Rising to the challenge of eliminating sexual harassment

Mike Clancy · 2 June 2020

When the #MeToo movement came to prominence in 2017, with the Harvey Weinstein scandal, we immediately saw its relevance to our members in the creative industries.

As it spread through Westminster, the charity sector, and into science and technology, it quickly became clear that sexual harassment is a whole-union issue, and it’s a big one.

A majority of women (and a significant minority of men) in the UK have been sexually harassed at work. It’s worse in some settings, such as male-dominated occupations, hierarchical organisations, or where there are blurred boundaries between work and leisure.

And it’s worse for some demographic groups, such as young workers, LGBT workers, or minority ethnic groups. There are huge consequences for individuals, of course, but also for their employers.

Sexual harassment is not a niche interest – it’s a core trade union issue.

Our response to the #MeToo movement was to create a set of resources that go beyond simply enumerating the problems and start offering solutions. This week, we publish the second edition of the guide, updated with the insights gained from two years’ of deployment and education in our members’ workplaces.

Our informed and practical approach has earned us invitations to discuss the issue with employers and industry bodies who share our goal to eliminate sexual harassment. We have pushed them hard: to reflect candidly, to challenge their own thinking, and to hear some uncomfortable truths.

We too – all trade unions – have cause for reflection.
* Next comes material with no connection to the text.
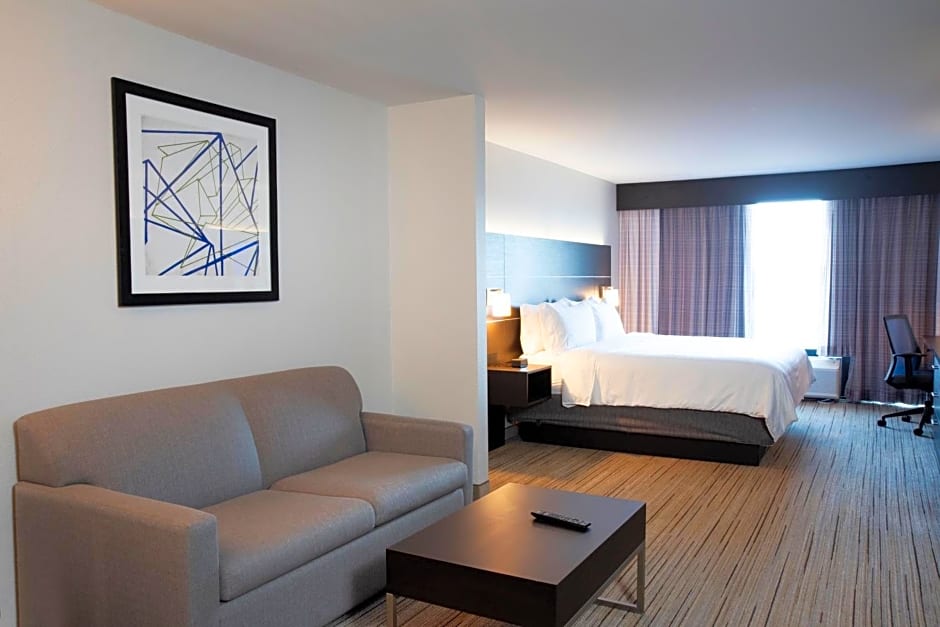 Holiday Inn Express Hotel & Suites Chester By IHG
We share many workplace characteristics with the industries we represent, that constitute risks for sexual harassment.

We know that sexual harassment is both endemic and vastly underreported, so we cannot afford to be complacent based on the absence of disclosures. Nor can we count on our ‘higher purpose’ to protect us: we’ve learned that from the fallout of the Oxfam and Save The Children scandals.

We must, therefore, set ourselves the same challenge that we put to the employers we work with: create a respectful workplace culture that suppresses all forms of bullying, harassment and discrimination; a culture where every member feels confident to challenge behaviours that make them feel uncomfortable, and every member knows that they will be supported right to the top of the union.

Culture is a collective attribute. It must be powered by the grass roots of our movement: you, our members, and reps. It will be up to you to identify and challenge behaviours that undermine our shared values of respect and inclusion.

And I give you my personal commitment that you will not stand alone when you do. Culture is powered by the grass roots, but it’s steered by the tone and the expectations of leadership.

So let me make this unmistakably clear: we do not tolerate sexual harassment. There is no place in Prospect for sexism of any kind. There is no place for bullying, harassment or discrimination.

I expect every one of you – members, reps and staff – to help make our union workspaces exemplars of dignity and respect. And you should expect nothing less from me and your union in return.